Droga Developresu Bella Dolina Rzeszów do pierwszego trofeum w historii klubu była wyboista. Do tej pory na drodze stawała głównie Grupa Azoty Chemik Police, ale także ŁKS Commercecon Łódź. Rok temu natomiast głównym przeciwnikiem był... koronawirus.
Siatkarki i sztab wylądowali na kwarantannie, PLS nie zgodził się na zmianę terminu. Developres stracił szansę na walkę, a zawodniczki Chemika walczyły z Budowlanymi Łódź o Superpuchar pięciolecia. W końcu jednak przystąpiły ponownie do batalii z policzankami i wygrały (3:2).
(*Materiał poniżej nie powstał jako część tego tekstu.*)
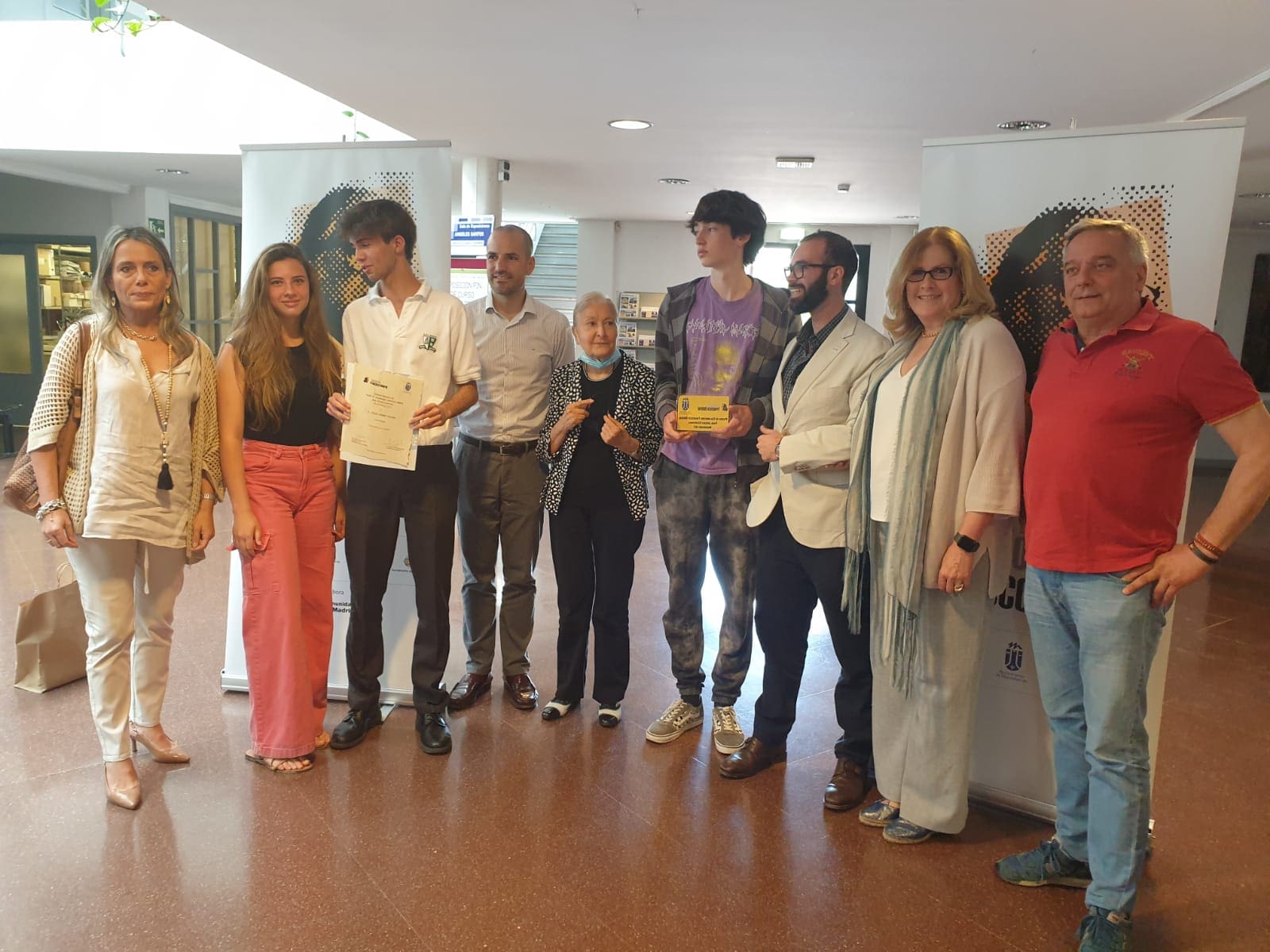 Los alumnos ganadores, finalistas y menciones de honor del Premio Umbral «juvenil» 2022 en Majadahonda y Valladolid: todas las fotos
- Nie chciałyśmy rozpamiętywać tego, co się stało rok temu. Byłyśmy wtedy zawiedzione, bo nie dość, że nie miałyśmy szansy na walkę o trofeum, to jeszcze mierzyłyśmy się z koronawirusem. Zdobyty przez nas teraz puchar należy także do zawodniczek, które po tamtym sezonie pożegnały się z zespołem - mówiła po triumfie w Lublinie Jelena Blagojević, kapitan Developresu.
ZOBACZ WIDEO: #dziejesiewsporcie: co za strzał najpiękniejszej golfistki na świecie!
Spotkanie było pełne zwrotów akcji. Rzeszowianki prowadziły 2:0, przegrały dwa kolejne sety. W tie-breaku było już 6:1 dla Chemika i Developres rzucił się w szaleńczą pogoń, by ostatecznie wygrać. - Nie traciłam wiary w zwycięstwo. Wiedziałam, że jako zespół potrzebujemy jednego punktu, który da nam przełamanie i pomoże odzyskać luz. Walczyłyśmy do samego końca i zdołałyśmy pokonać mistrzynie Polski. To powód do dumy - cieszyła się Serbka.
Ceremonia dekoracji odbyła się po finale mężczyzn, w którym Jastrzębski Węgiel pokonał Grupę Azoty ZAKSA Kędzierzyn-Koźle 3:0. Wówczas zwycięski ekipy otrzymały pamiątkowe medale i nagrody od sponsorów, a kapitanowie odebrali puchary i czeki.
I w tym momencie wykonano zdjęcie, które zostało odebrane niezbyt dobrze. Benjamin Toniutti trzymał czek na 100 tysięcy złotych, natomiast Jelena Blagojević na 50 tysięcy złotych. Na swoim Instagramie Joanna Wołosz zamieściła fotkę z wymownym komentarzem "równość w Polsce nie istnieje". W podobnym tonie sytuację skomentowali Andrzej Wrona czy Paweł Woicki.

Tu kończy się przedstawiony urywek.